BWB#66: How To Find Your Hedgehog Concept

Published 2 months ago • 5 min read

Hello friends,

Greetings from Utrecht!

I've been working on my personal brand in the background, and one of the steps I'm taking is to go through the Hedgehog Concept exercise.

I do it with most of my clients to figure out what their real core business is, and so it's only right that I subject myself to the same existential crisis.

It then came up again in Kim Nordstrom's book UP DOWN UP, along with an excellent and practical example, so I figured this was a great time to share this exercise in the essay below.

Hope you like it!


Today at a glance:

  • Essay: How To Find Your Hedgehog Concept
  • UP DOWN UP
  • Poor Charlie's Almanack
  • 12 Minute Foundation Training

How To Find Your Hedgehog Concept

All companies, even the most diversified ones, have a core business. Sometimes it's called a mission, or a cause, or a purpose.
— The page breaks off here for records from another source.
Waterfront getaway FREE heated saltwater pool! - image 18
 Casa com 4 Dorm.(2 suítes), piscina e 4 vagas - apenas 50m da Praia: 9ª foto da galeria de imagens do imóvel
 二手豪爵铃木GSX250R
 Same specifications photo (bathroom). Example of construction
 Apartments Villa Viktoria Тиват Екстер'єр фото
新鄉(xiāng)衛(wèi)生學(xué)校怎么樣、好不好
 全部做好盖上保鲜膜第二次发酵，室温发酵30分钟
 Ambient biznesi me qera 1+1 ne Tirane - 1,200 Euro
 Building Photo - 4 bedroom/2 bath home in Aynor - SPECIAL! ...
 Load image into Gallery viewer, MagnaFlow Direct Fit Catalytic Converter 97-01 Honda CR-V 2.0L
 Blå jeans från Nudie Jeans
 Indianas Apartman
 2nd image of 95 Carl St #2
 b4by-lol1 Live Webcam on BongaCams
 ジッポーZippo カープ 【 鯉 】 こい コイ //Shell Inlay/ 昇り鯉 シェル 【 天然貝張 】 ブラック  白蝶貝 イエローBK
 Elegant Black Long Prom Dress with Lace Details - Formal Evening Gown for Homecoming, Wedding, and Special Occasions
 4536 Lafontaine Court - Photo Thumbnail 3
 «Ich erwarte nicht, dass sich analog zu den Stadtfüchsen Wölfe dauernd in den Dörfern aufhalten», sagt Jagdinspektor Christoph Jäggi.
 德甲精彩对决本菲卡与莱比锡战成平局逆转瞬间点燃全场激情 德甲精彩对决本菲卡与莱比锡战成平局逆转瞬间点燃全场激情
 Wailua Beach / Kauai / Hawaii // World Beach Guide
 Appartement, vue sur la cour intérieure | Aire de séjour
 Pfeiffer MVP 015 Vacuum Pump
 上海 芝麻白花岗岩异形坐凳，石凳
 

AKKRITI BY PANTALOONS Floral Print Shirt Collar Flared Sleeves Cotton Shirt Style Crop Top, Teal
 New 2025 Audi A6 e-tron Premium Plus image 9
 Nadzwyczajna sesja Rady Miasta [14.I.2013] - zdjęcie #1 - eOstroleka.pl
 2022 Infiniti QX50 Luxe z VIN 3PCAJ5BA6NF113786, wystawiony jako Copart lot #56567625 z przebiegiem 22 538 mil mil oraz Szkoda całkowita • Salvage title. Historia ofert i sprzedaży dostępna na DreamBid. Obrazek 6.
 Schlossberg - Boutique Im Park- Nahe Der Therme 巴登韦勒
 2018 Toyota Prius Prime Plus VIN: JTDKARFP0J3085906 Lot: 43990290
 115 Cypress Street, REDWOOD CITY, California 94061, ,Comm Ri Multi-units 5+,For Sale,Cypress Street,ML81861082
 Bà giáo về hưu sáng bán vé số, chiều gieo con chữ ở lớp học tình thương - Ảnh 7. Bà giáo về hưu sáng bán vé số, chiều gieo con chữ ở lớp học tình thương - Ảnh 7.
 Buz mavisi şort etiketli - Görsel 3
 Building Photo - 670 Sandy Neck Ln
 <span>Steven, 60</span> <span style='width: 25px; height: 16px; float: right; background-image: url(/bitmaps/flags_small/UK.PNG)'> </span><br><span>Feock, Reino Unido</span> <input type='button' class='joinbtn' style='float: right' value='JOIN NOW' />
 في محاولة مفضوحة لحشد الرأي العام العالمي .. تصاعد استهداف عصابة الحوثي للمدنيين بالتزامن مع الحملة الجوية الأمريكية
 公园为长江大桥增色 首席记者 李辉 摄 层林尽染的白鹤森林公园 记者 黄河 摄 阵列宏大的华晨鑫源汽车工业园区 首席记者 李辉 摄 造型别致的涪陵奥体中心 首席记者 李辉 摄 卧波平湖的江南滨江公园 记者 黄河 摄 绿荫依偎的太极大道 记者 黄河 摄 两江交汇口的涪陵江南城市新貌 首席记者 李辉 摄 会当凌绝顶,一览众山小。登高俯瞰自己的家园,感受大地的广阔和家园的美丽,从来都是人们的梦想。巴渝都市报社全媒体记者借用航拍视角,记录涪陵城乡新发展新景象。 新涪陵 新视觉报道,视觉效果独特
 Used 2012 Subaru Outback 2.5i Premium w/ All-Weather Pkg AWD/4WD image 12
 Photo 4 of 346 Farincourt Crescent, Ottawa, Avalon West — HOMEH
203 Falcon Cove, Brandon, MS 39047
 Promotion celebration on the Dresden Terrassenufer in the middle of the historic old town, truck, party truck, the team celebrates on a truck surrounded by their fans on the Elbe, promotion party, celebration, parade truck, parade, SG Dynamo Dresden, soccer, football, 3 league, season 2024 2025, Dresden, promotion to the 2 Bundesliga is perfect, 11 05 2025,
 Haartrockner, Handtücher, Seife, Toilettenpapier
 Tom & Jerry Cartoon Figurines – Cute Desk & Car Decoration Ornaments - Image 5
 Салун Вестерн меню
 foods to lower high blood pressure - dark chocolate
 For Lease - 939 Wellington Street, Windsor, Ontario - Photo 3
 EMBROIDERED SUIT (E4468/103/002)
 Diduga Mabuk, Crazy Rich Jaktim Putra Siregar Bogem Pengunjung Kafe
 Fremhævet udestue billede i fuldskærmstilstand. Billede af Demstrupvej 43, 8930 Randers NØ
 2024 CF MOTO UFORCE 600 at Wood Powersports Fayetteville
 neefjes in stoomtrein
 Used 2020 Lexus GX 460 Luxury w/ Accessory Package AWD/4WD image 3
They all boil down to the same thing:

Your core business is the thing where you KNOW you can make a difference for your customers, and where they feel confident that you can make a difference for them.

Here's how to find (or refine) yours, using Jim Collins' Hedgehog Concept:

The Hedgehog Concept

Jim Collins first coined this term in Good to Great, which traces back to an ancient Greek parable: “The fox knows many things, but the hedgehog knows one big thing.”

Collins found that companies who really understood and focused on their core business, their one big thing, tended to last longer and be more successful than ones that didn't.

A company's Hedgehog Concept, according to Collins, consists of 3 fundamental questions:

  • What you are deeply passionate about?
  • What can you be the best in the world at?
  • What drives your economic engine?

At the intersection of these three questions is your one big thing, your core business.

Why it works

It should be fairly easy to see the compounding power of finding business that satisfies all three criteria.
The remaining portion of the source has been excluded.